Stored data.
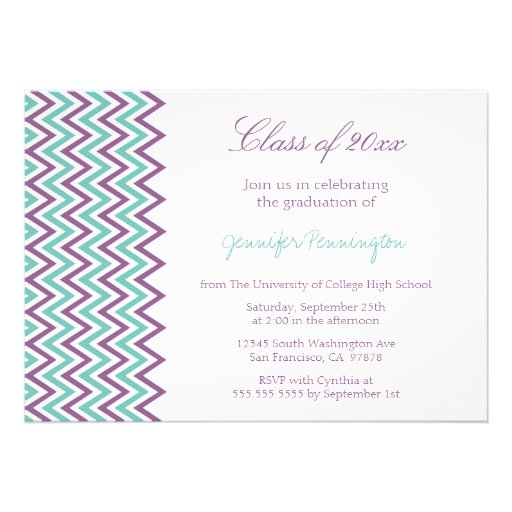 Purple chevron photo graduation party announcement
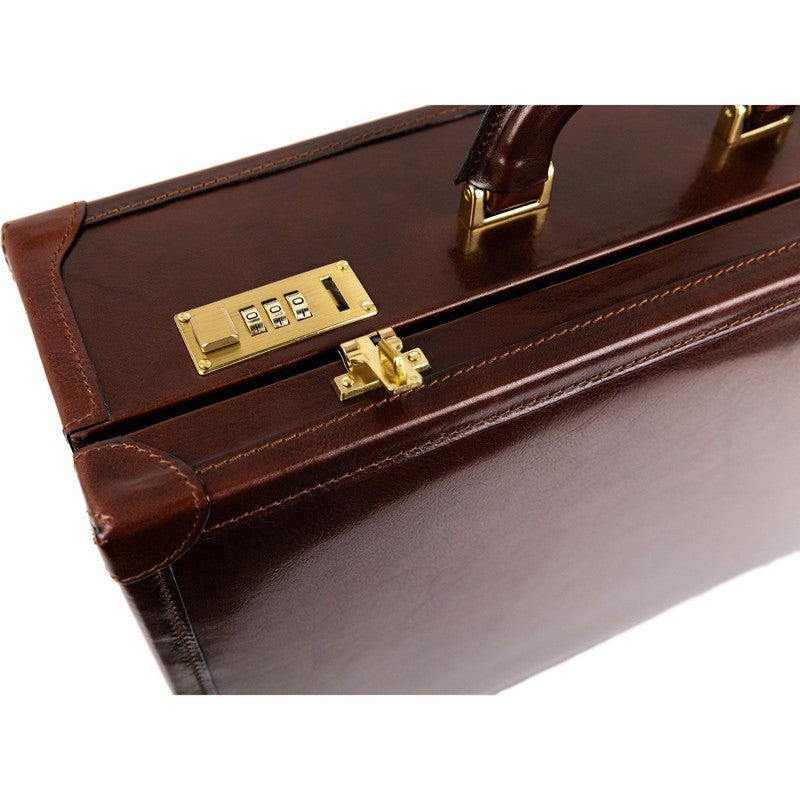 Large Leather Attaché Case Briefcase - Lord Jim Briefcase Time Resistance   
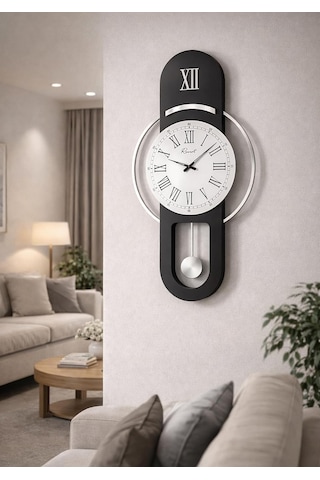 Hareketli Sarkaç, Cam Yüzeyli, Metal Halkalı, Dekoratif Duvar Saati - Roma 70cm Siyah Gümüş Diğer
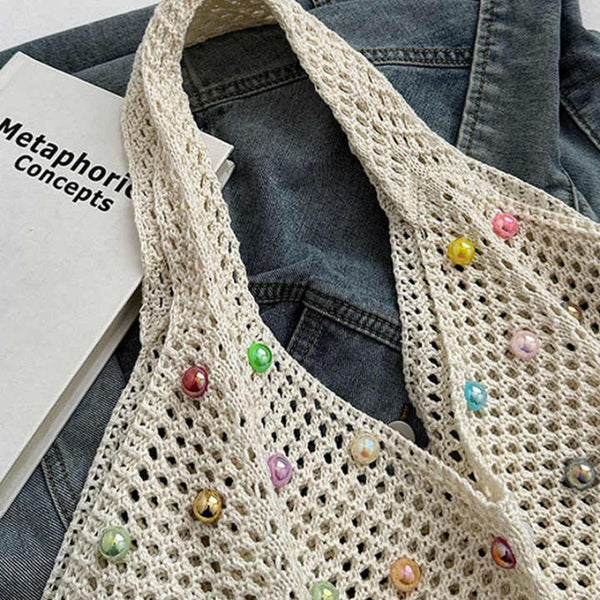 Elosung Brown Summer Woven Handbag Hollow Straw Beach Tote With Colourful Beads Lazy Style Large Capacity Shoulder Bag For Vacation Women's Bags & Han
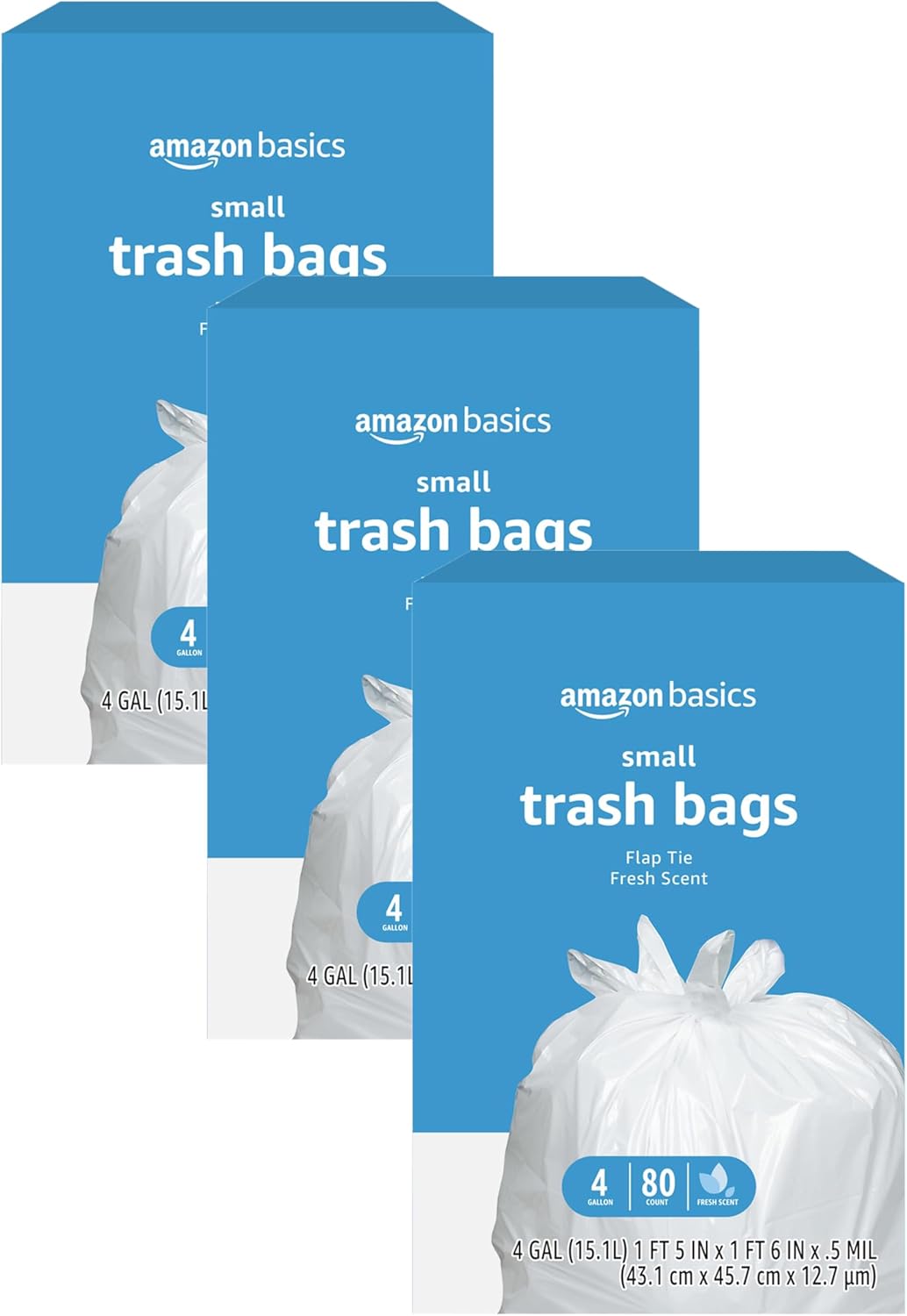 Amazon Basics Small 4 Gallon Trash Bags with Flap Ties, Fresh Scent, Odor Control, 0.5 mil Thick, 80 Count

Task to complete.
Take the records above and transcribe them exactly, dropping every picture.

Response below.
 Purple chevron photo graduation party announcement
 Large Leather Attaché Case Briefcase - Lord Jim Briefcase Time Resistance   
 Hareketli Sarkaç, Cam Yüzeyli, Metal Halkalı, Dekoratif Duvar Saati - Roma 70cm Siyah Gümüş Diğer
 Elosung Brown Summer Woven Handbag Hollow Straw Beach Tote With Colourful Beads Lazy Style Large Capacity Shoulder Bag For Vacation Women's Bags & Han
 Amazon Basics Small 4 Gallon Trash Bags with Flap Ties, Fresh Scent, Odor Control, 0.5 mil Thick, 80 Count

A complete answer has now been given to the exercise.